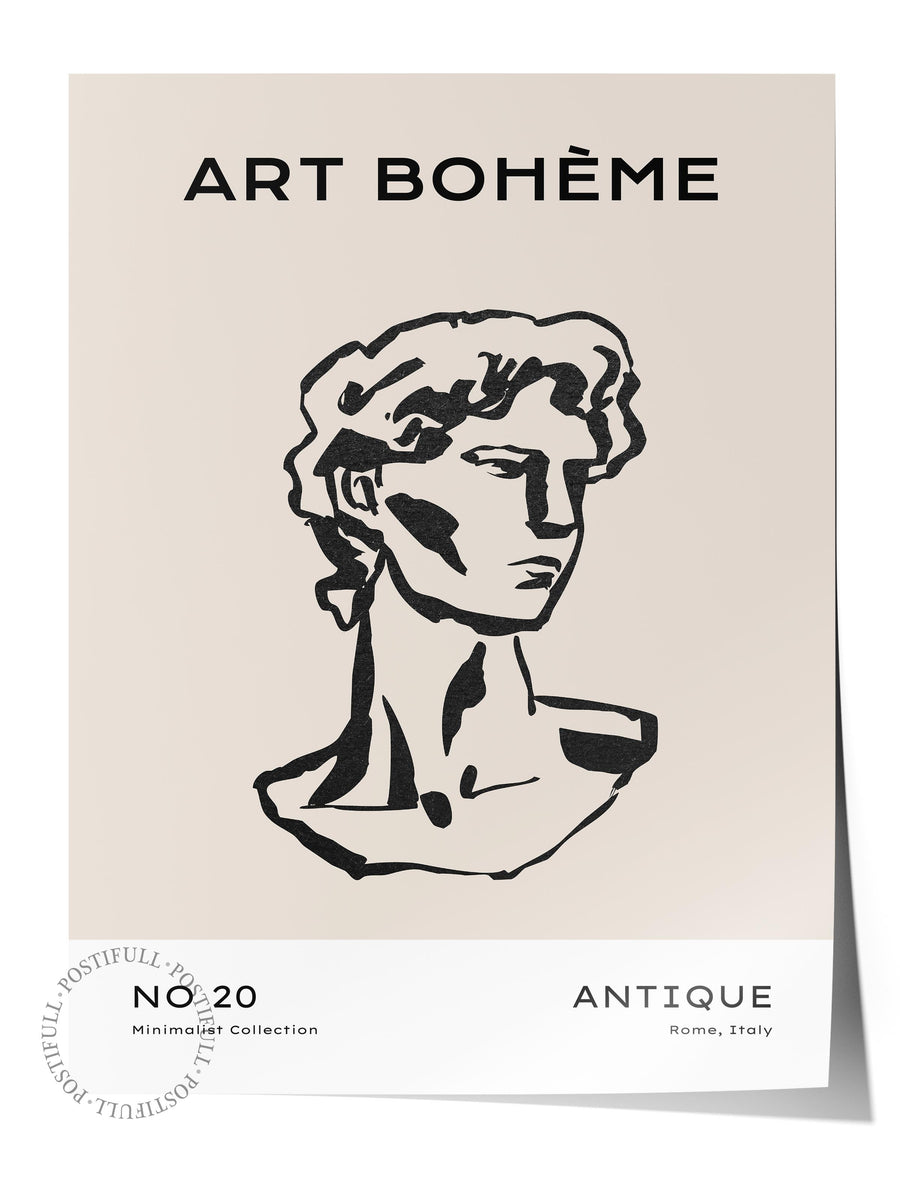 Farklı Tonlarda ART BOHÈME Bohem & Boho Çerçevesiz Poster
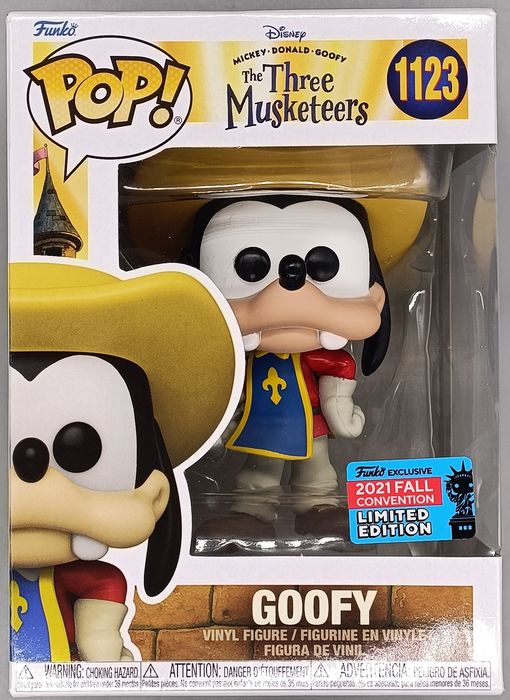 1123 Goofy - Disney The Three Musketeers - 2021 Con Funko POP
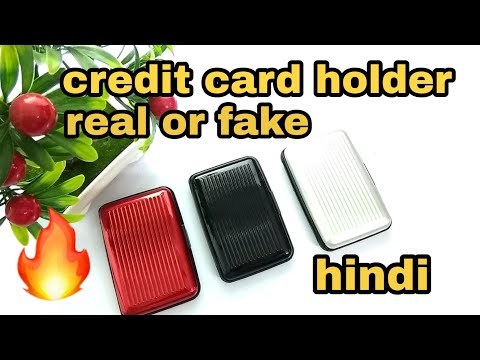 Credit card holder unboxing and review in hindi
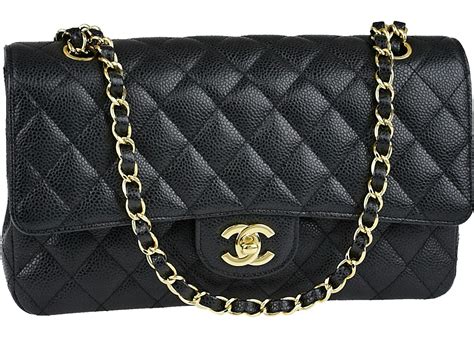 chanel classic flap in caviar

Prompt
Could the data be reproduced exactly, with the pictures omitted?

Written response
 Farklı Tonlarda ART BOHÈME Bohem & Boho Çerçevesiz Poster
 1123 Goofy - Disney The Three Musketeers - 2021 Con Funko POP
 Credit card holder unboxing and review in hindi
 chanel classic flap in caviar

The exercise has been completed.